Кто обратил бы внимание на эти слова, тот увидел бы глазами ума своего, что гораздо лучше родиться, жить и умереть бедным, нежели родиться богатым и жить богато, занимая видное положение, в великих заботах и подозрениях, а затем под конец жить, может быть, в нищете. Пусть трудится поэтому тот, у кого есть охота добиться положения или богатства, потому что в конце концов люди платят каждому за его труд.
Новелла 194
Маттео ди Ландоццо, по прозвищу Массалео дельи Альбицци,[508] не мешкал долго, чтобы отомстить своему товарищу Пьеро ди Филиппо и уязвить одного из своих соседей за скупость. Об этом Маттео рассказано выше в небольшой новелле[509] со слов одного хорошего музыканта, игравшего на виоле, сообщившего о нем некоему судье делла Граша в тюрьме Флорентийской коммуны. Названный Массалео обладал веселым нравом, и был у него очень богатый и очень скупой сосед, флорентийский гражданин, по имени Антонио Таналья.[510] Зная его характер и твердость в том отношении, что он берег свое и не желал делиться им ни с соседом, ни с кем-либо другим, Массалео придумал однажды ночью забавный способ уязвить на следующее утро Антонио. Сидя с ним в обществе нескольких лиц, он сказал ему: «Дорогой Антонио, я убедился, что мне от твоего богатства лучше, и, может быть, еще лучше, чем тебе».
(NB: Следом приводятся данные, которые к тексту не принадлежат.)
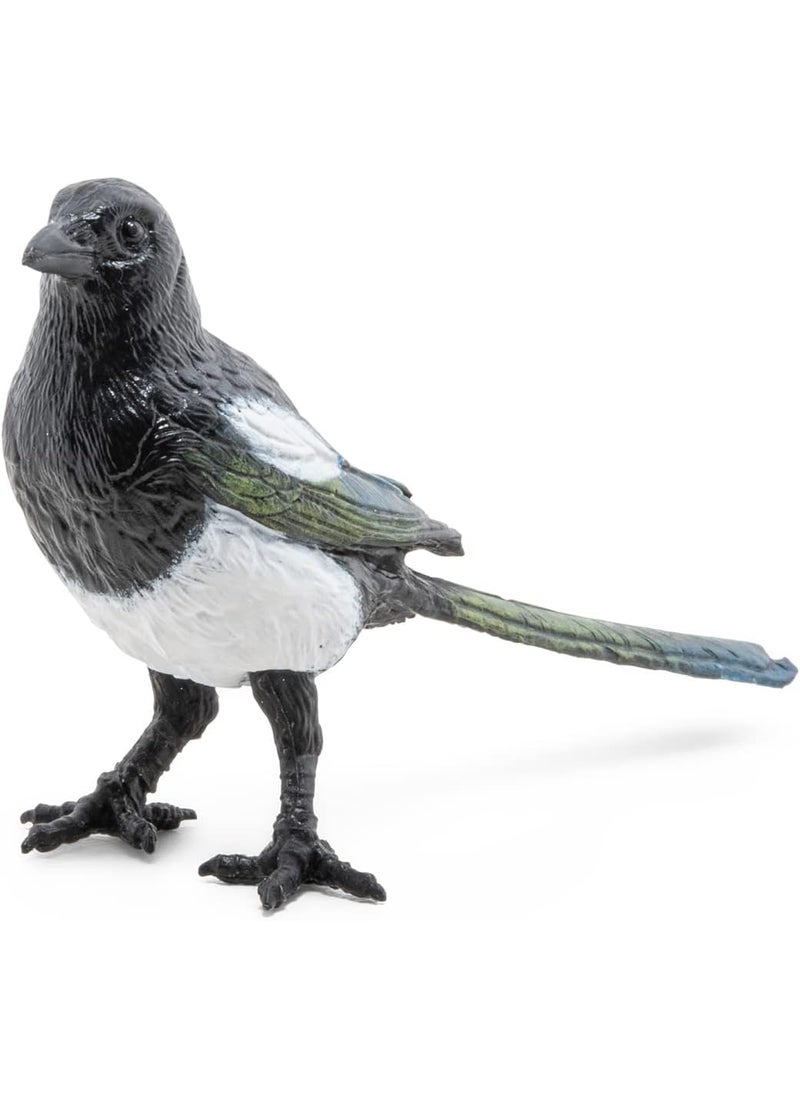 Papo Papo  Realistic Magpie Figurine  from 3 Years Old  Discovering The Animal World  Realistic Figurine  Educational Toy  Hand Painted  Collection  Decoration  Childrens Gift  - Image 3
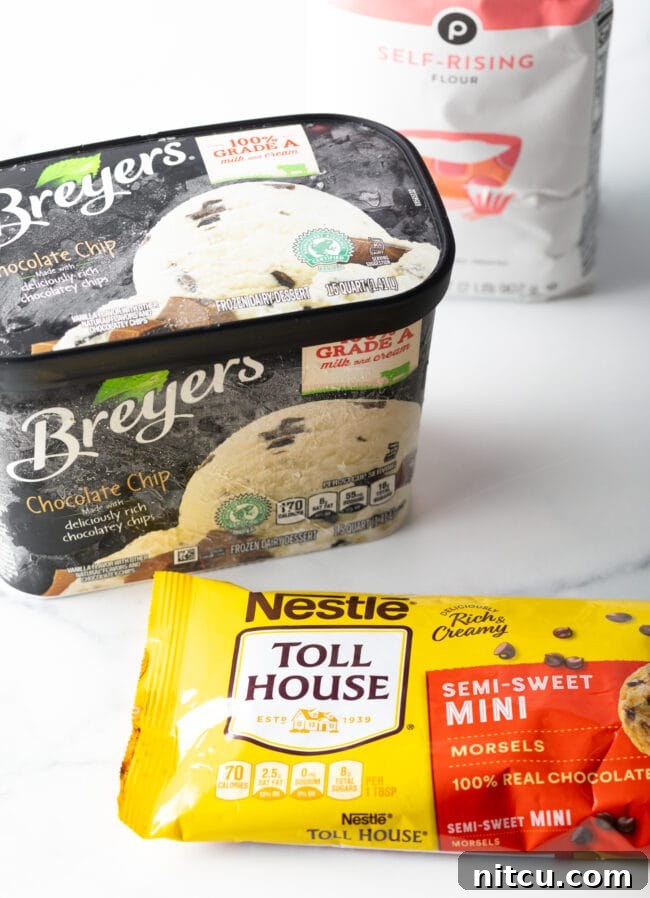 Recipe ingredients: container of chocolate chip ice cream. Package of mini chocolate chips.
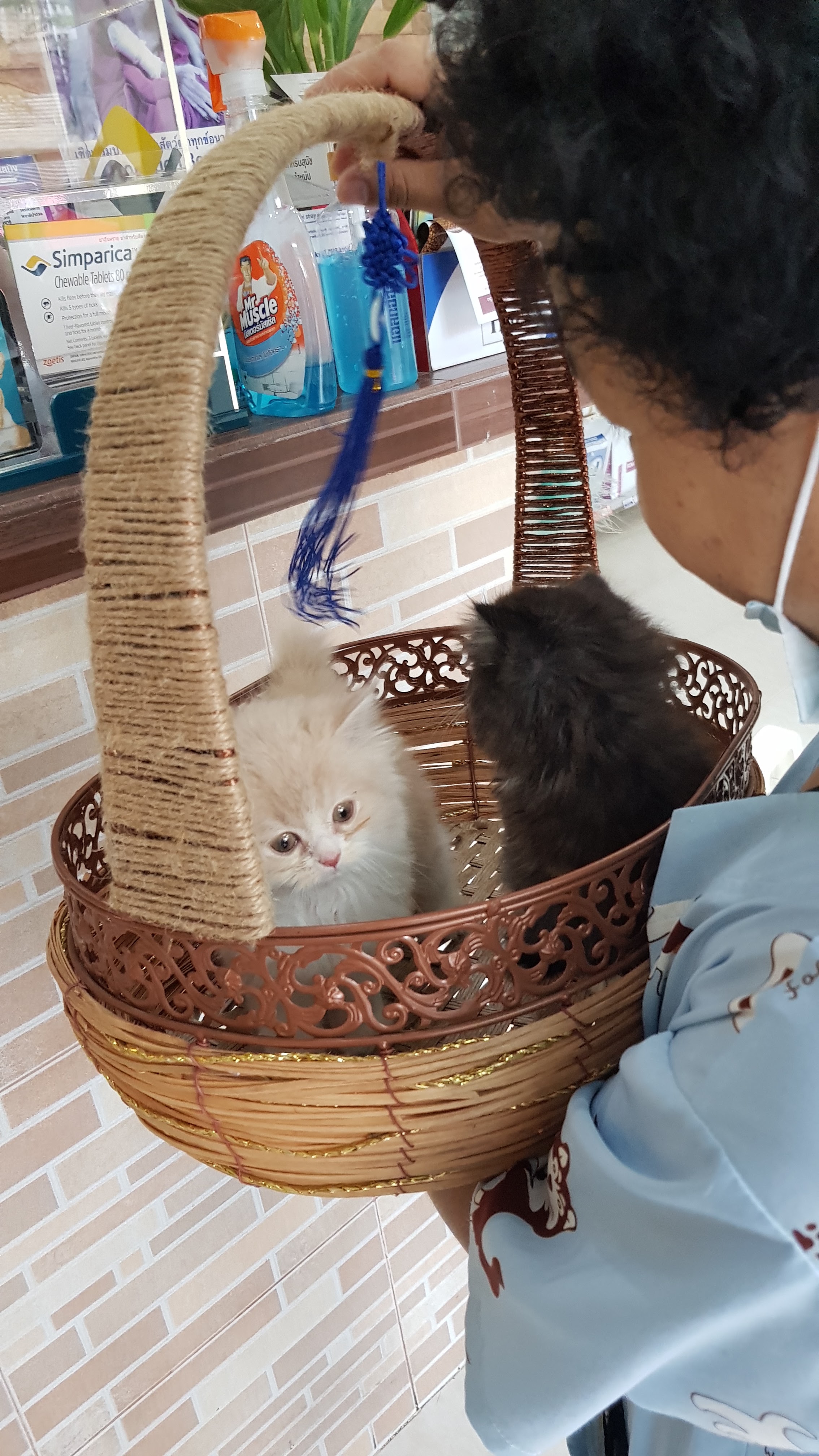 Wansai Animal Hospital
Антонио совсем перепугался, предположив, что Массалео, может быть, либо украл, либо отнял большую часть его добра, и стал пристально смотреть на него, чтобы узнать, что тот хотел этим сказать. Массалео, который видел все это, сказал ему: «Ты глядишь на меня, словно хочешь спросить: сколько ты с меня возьмешь, чтобы толком разъяснить мне это? Я разъяснил бы, но это значило бы проповедовать в пустыне. Впрочем, я без всякой платы (и если бы ты захотел уплатить мне, я отказался бы) хочу разъяснить тебе это – хочешь ли ты этого или нет, – дабы ты жил впредь более печально, чем живешь теперь. Существуют три вещи: первая та, что от твоего богатства ни тебе, ни мне нет никакого проку; и в этом отношении мы с тобой равны. Второе – это то, что ты с большим трудом сохраняешь свое богатство, чтобы оно не уменьшилось или не пропало; этого труда мне нести не приходится, так что в этом втором отношении я имею перед тобой преимущество. Третье – это то, что если бы ты потерял свое богатство, или его у тебя убыло, ты умер бы с горя, либо повесился; я же по этому поводу очень бы обрадовался, плясал бы и пел, но в этом третьем отношении мне было бы настолько лучше, чем тебе, насколько было бы, если бы я находился в эмпирее. Итак, ты видишь, насколько мне от твоего богатства лучше, чем тебе».
Антонио осмотрелся кругом, словно опешив, и только поглядел на окружающих, которые все разом сказали: «Антонио, если ты не сумеешь защититься, то окажется, что Массалео говорит правду, приводя при этом прекрасные доводы. Что же ты скажешь ему в ответ?»